Sonra yaklaştı, yaklaştı, neredeyse kalbim duracaktı!
İkinci virgül bize sesimizin yarım ses yükselmesi gerektiğini söyler. Daha fazla virgüllerde da yarım ses yüksek söylemek gerekir. Söylem sonundaki ünlem işareti, söylemin bittiğini ve sesimizi bu biçimde sonlandıracağımızı belirtir. Unutulmaması gereken önemli husus şudur; noktalama işaretleri bize, söylem tonlaması gerekli uyumu sağlar. Ayrıca bu sözcükteki noktalamaları yazarın duygusu doğrultusunda şöyle de uygulayabiliriz;
Sonra, yaklaştı yaklaştı, neredeyse kalbim duracaktı!
Uygulama:
Aşağıdaki manzum oyunun (Şiir tekniği ile yazılmış oyun) noktalamalarına dikkat ediniz. O noktalamalar ışığında şiiri, söylem olarak dillendiriniz.

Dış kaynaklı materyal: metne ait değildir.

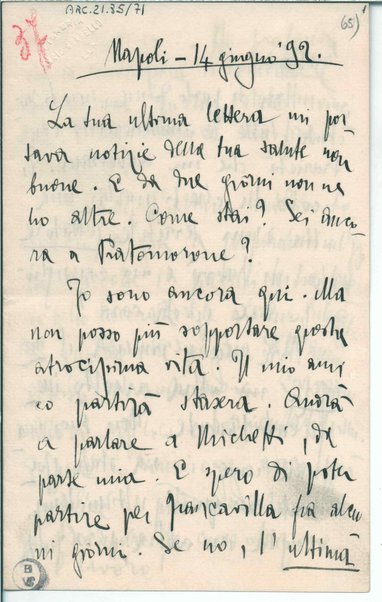 Lettera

Noktalamaların niye o biçimde konulduğunu düşününüz.
Uygulama:
TROILOS İLE KRESSİDA– WILLIAM SHAKESPEARE
ODDYSSEUS – Şu diyeceklerimden kurtulsaydık,
Troya çoktan temelinden yıkılmış,
Büyük Hektor’un kılıcı çoktan sahipsiz kalmış olurdu.

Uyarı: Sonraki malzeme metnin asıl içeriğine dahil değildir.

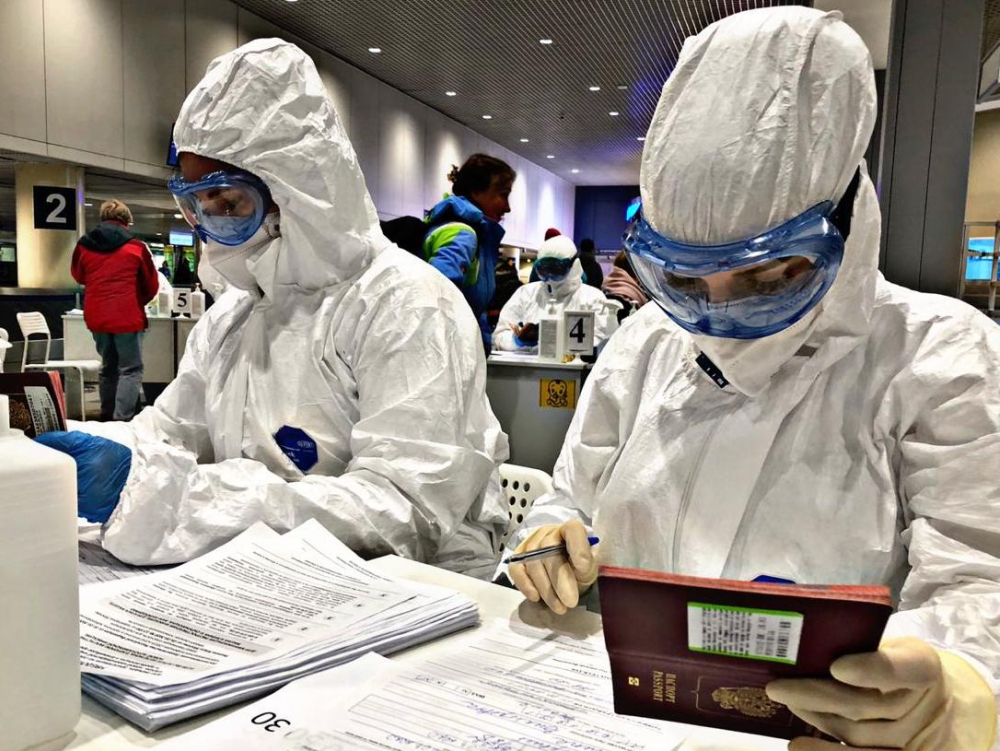 Первые штрафы за фейки о коронавирусе готовят в Воронеже Первые штрафы за фейки о коронавирусе готовят в Воронеже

Bizde başa bağlılık, üste saygı kalmadı.
Bakın şu ovadaki Yunan çadırlarına;
Hepsi nasıl boşsa, birliklerinde öyle başı boş.
Kumanda yeri bir arı kovanına benzemedikçe,
Herkes var gücünü ortaya koymadıkça
Nasıl bal beklenir bu petekten?
Bir yerde baş belli olmadı mı,
En değersiz, değerli gibi görünür.
Gökler, yıldızlar ve bu dünya, büyük bir düzen içinde,
Başa, sıraya, mevkie, yola, yordama, ölçülere, mevsimlere,
Şekillere, görevlere, geleneklere saygı gösterirler.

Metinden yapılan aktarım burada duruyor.